I had an
event. So as usual, I did the normal preparations. In this instance, I was to
be chairing my first ever panel – so I made doubly sure that I knew what I was
doing. I read all my authors’ books. I scribbled notes in my well-worn notepad.
Then I listed out my questions, emailed them out to the other authors to make
sure they were happy. I rehearsed possible answers in my head, role-played the
possible scenarios.
I was
prepared.
Or so I
thought.
As I packed
my case, I couldn’t have felt better. I was like a boy scout. I had everything
I needed. I’d braced myself for every eventuality. I had even packed 5 pairs of
knickers for goodness sake and two toothbrushes (I was away for one night!) But
who knew? I might get kidnapped, or run over by that runaway bus that my Nan
always warned me about. I needed to be prepared.
Except I
wasn’t.
I wasn’t
prepared for the tube not working.
I wasn’t
prepared for the crowds.
I wasn’t
prepared for my brain completely switching off.
I stood at
Victoria, case clutched in my sweaty hand – staring up at the shut gates of the
underground. I was actually having a hot flush. What now? I wasn’t ready for
this. I had to get to the other side of London and hadn’t a clue how. Swarms of
frantic, sweaty people shoved in front of me. They all seemed to have purpose.

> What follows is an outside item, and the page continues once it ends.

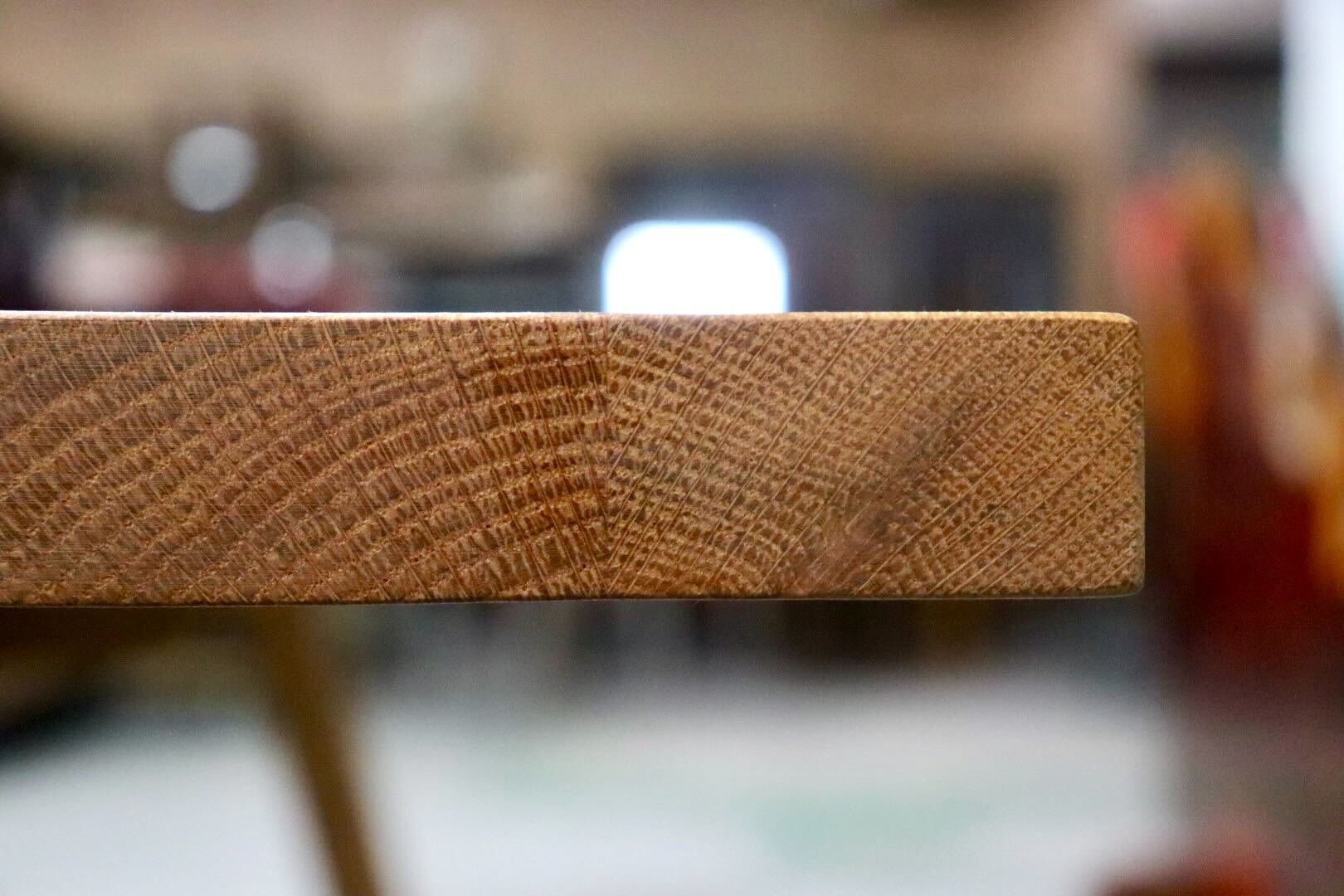 GMIS347○unico / ウニコ ELEMT エレムト ダイニングテーブル 食卓テーブル 作業台 オーク材 北欧スタイル モダン 定価約7.1万 展示品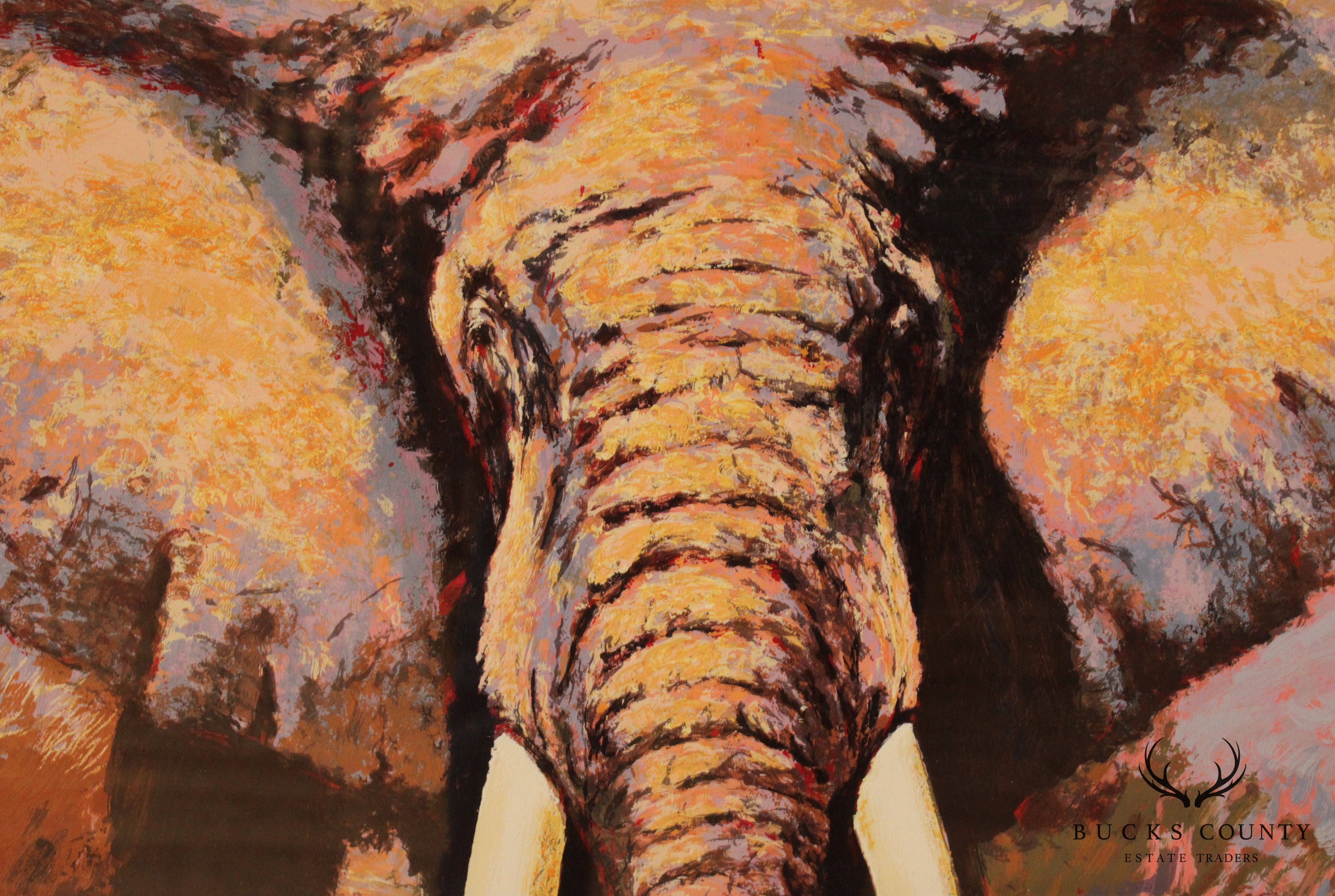 Mark King, 'Lone Tusker' Artist Proof Serigraph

I had none. My five pairs of knickers would not help me now.
Then a light
bulb popped up in my head. A taxi! They did it all the time in films – just
stepped out in the road and flagged one down, it couldn’t be that hard surely?
I would leap into one and be saved. All would be well again.
So I
staggered, trailing a wonky case behind me in the vague direction of West.
There were no taxis. Just lots and lots of people that don’t look at you. I
kept walking. Hoping I might find another underground station. I called my
husband, who was at home trying to feed two hyperactive children. “I’m lost. I
can’t find Green Park.”
“It’s not
here,” he muttered helpfully. I think he was distracted by his own burst
eardrums.
Then I saw a
taxi. I shut the phone on my husband and attempted to flag it down. To be fair
it probably looked more like a suicide attempt. I failed to get it, but I did
manage to keep my left arm – just.
I was nearly
sobbing by now. My feet hurt. My case was lurching from side to side like a
drunk sailor and it was getting dark. Then suddenly a man appeared by my side,
tall and smiling. He asked if I needed any help. He said he could escort me to the nearest tube station.
I honestly thought I had been saved. I
beamed up at him. I wanted to kiss him, but I didn’t. Instead I recited my
dreadful journey and showed him the bent up wheel on my case.
“I was looking for Green Park…..” I said
sadly.
“Well, you’re nowhere near. Let me walk
you.”
I honestly didn’t care who he was. He could
have been Hannibal Lector or bloody George Osborne, I would have happily trotted
along aside him.
"It's ok," He said, showing me
his pass "I'm a mental health professional..."
So my advice after this rather crazy
affair, is plan your journeys carefully. They can go wrong. Next time I’m
packing a map, a compass and several distress flares.
8 comments:
Goodness - scary!
Oh dear, I do sympathise! I have never managed to hail a taxi in my life. These days, when I go to London, I travel very light and walk everywhere. Even so, none of the streets ever look like they do on the A-Z. Thank goodness for the kindness of strangers!
I thought I was hailing a taxi when feeling a bit scared of dark deserted streets walking home from a London publisher party once ... but the black car with an orange light turned out to be a police car! These things make you feel a right country bumpkin.
Oh you poor lovely! When I get lost ( often) I look out for the bowler hatted guides, they're quite often hanging around at Victoria - the taxis are right around the back though, silly place to keep them - also , google Addison Lee and put their number in your phone - reliable and safe.
Oh dear, poor you! Hope the event went well, when you eventually got there!
Thanks everyone. Love all the tips! I'm also glad I'm not alone!
You have described ALL the feelings I had when I moved to London from South Africa. Everyone else seemed to know when they popped up from the Tube like moles which exit and where they were at that exit but fro me it took forever of feeling very lost and very stupid. Now after 18 years in London, I can do it in my sleep and and in fact often do and bypass where I'm supposed to get off... actually not sleeping but planning a new story! Loved this blog. Felt so akin to it.